和歌山市に生まれ、10歳で一家とともに上京。最初に進んだのは日本画ではなく洋画の道で、白馬会洋画研究所で油彩を学んだ。つまり出発点は黒田清輝系の洋画である。1907年に国民新聞社に入り、挿絵画家として腕を磨いた。転機は1913年の渡米で、ボストン美術館で日本の古美術の素晴らしさに打たれ、「自分が描くべきは日本画だ」と痛感して帰国後に転向したという。逆輸入のように日本画へ目覚めたわけで、このあたりの経歴からして型破りである。

院展からの離脱[編集]

日本画家としては、1914年の東京大正博覧会に「観光客」を出して初入選。

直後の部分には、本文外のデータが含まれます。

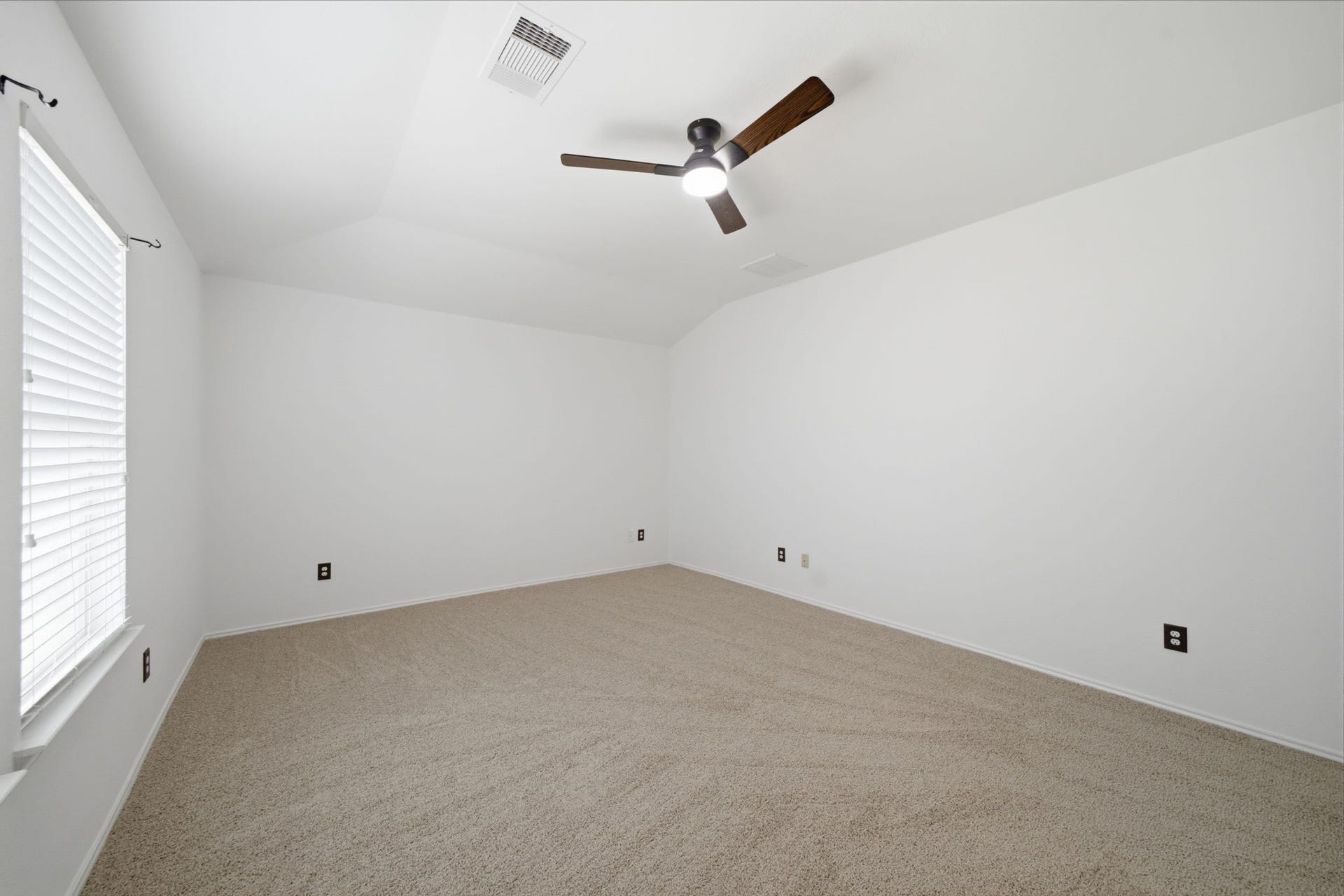 15435 Kaston Drive, Cypress, TX 77433 Vaulted ceilings and soft carpet flooring highlight this versatile secondary bedroom. A dark wood-blade ceiling fan and wide window create a comfortable, airy space ready for any bedroom arrangement.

やがて横山大観らの日本美術院(院展)に加わり同人にまでなったが、龍子の絵はだんだん大画面・大装飾へと暴走していき、繊細を尊ぶ院展の主流と肌が合わなくなる。1928年、ついに院展同人を辞任。「俺は俺のやり方でやる」と飛び出したかたちで、ここから龍子の独立独歩が始まる。

青龍社と「会場芸術」[編集]

1929年、龍子は自らの団体「青龍社」を旗揚げした。掲げた理念が有名な「会場芸術」である。要するに「床の間芸術」へのアンチテーゼで、小さく上品にまとめるのではなく、広い会場で見て初めて成立する豪放でスケールの大きな日本画を目指した。実際、龍子の代表作は数メートル級の大作がごろごろあり、筆致も豪快そのもの。「健剛なる芸術」を掲げ、サラリーマンや庶民が気軽に楽しめる日本画を志向した点で、大衆性という意味でも先進的だったらしい。

文化勲章と龍子記念館[編集]

異端児扱いされながらも実力は本物で、1959年に文化勲章を受章。1962年には自分の喜寿を記念して、東京・馬込の自邸の向かいに自ら設計した美術館を建てた。これが現在の大田区立龍子記念館である。自分の美術館を自分で設計してしまうあたり、同時代の堂本印象ともよく似た「建てたがり」の気質がうかがえる。1966年に死去。俳人としても活動し、多才ぶりを発揮した。

余談[編集]

  • 「会場芸術」という言葉はインパクトが強く、龍子のキャッチコピーとして今も必ず紹介される。
  • 同時代の京都画壇の竹内栖鳳堂本印象とはまた違う、東京を拠点とした「ひとり気を吐く」タイプの巨匠で、団体politicsから距離を置いた孤高さが人気の理由でもあるらしい。